Available data |
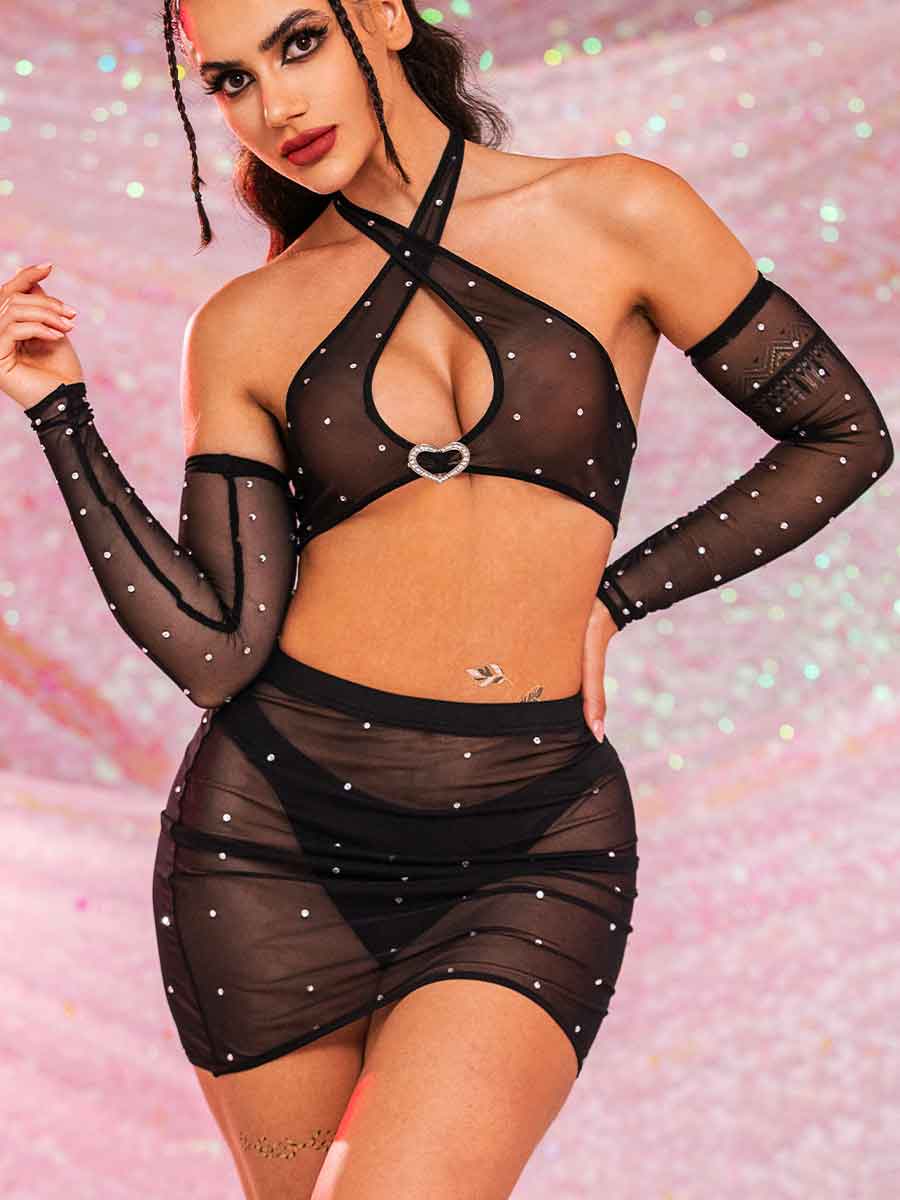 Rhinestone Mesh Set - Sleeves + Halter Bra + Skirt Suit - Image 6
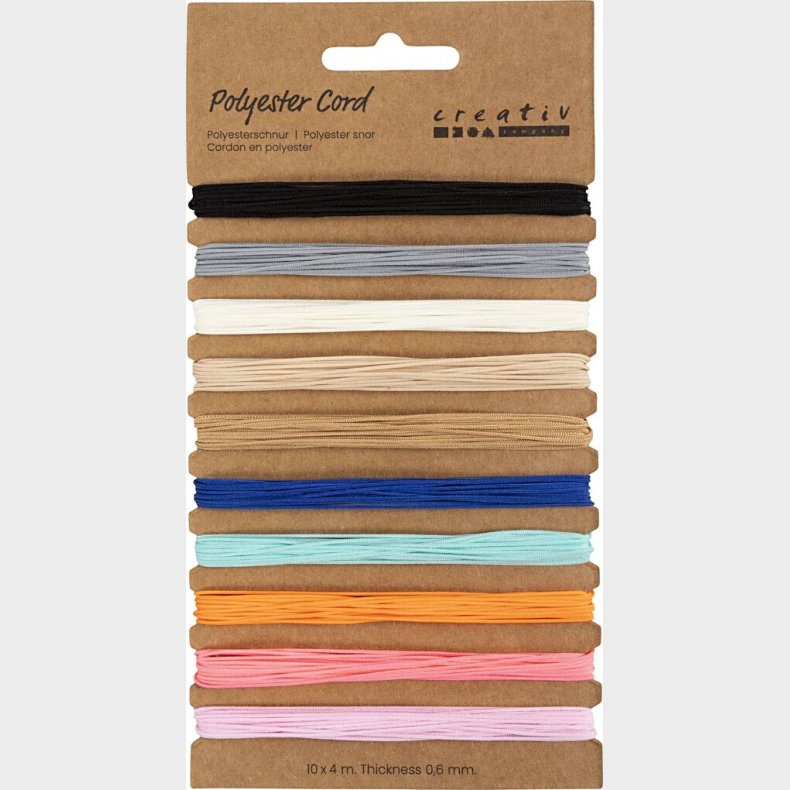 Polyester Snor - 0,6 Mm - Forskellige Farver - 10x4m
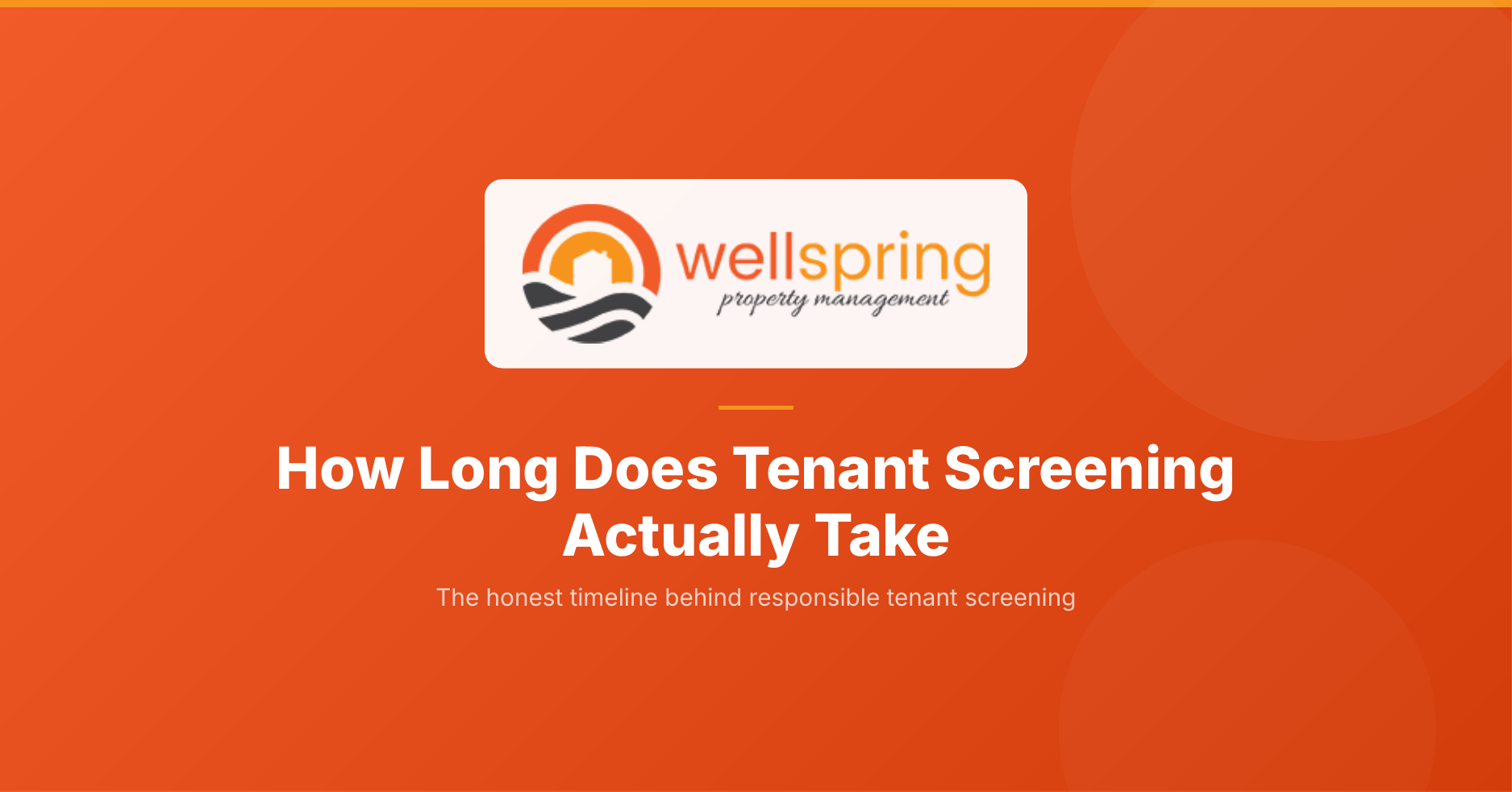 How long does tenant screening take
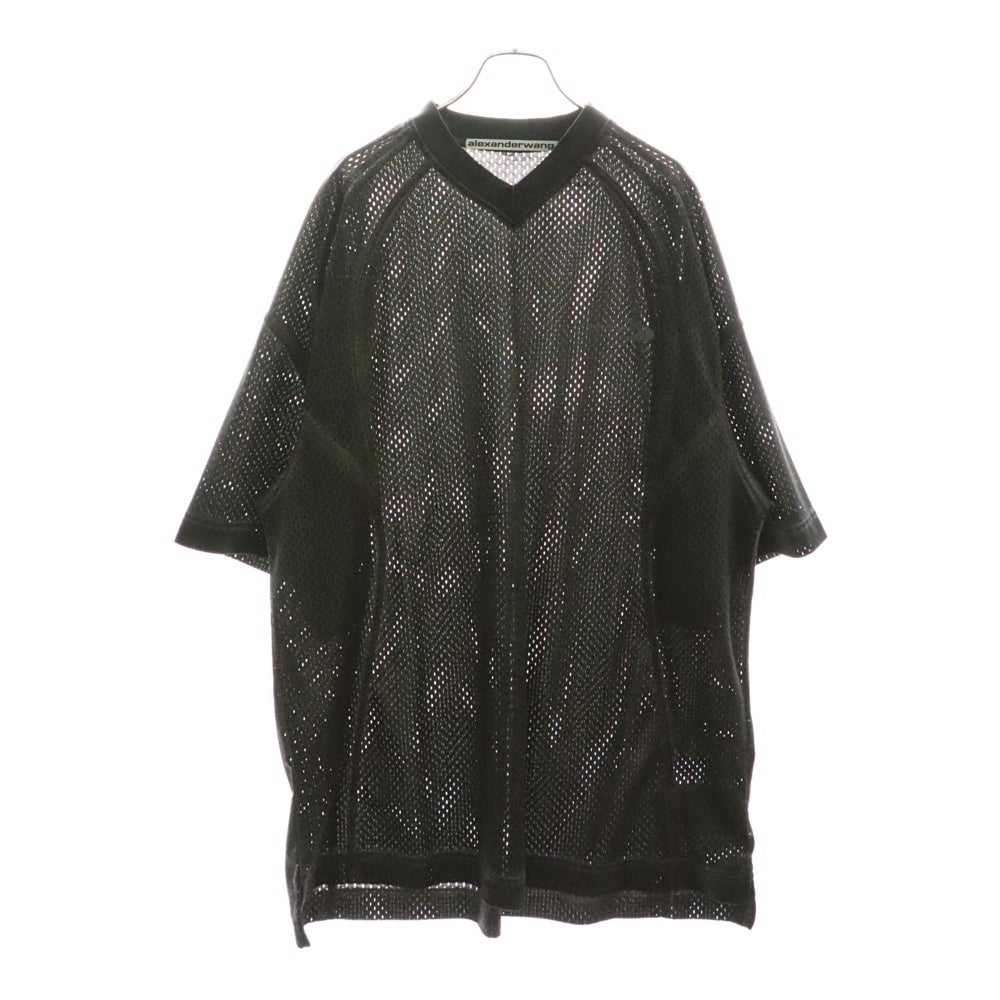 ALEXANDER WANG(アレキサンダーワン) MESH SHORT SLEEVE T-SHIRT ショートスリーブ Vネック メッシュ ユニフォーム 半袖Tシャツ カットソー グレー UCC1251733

About this exercise | Please repeat the lines above from the line containing "How long does tenant screening take" through the final line, both included, exactly as they stand and without pictures.

Written answer |
 How long does tenant screening take
 ALEXANDER WANG(アレキサンダーワン) MESH SHORT SLEEVE T-SHIRT ショートスリーブ Vネック メッシュ ユニフォーム 半袖Tシャツ カットソー グレー UCC1251733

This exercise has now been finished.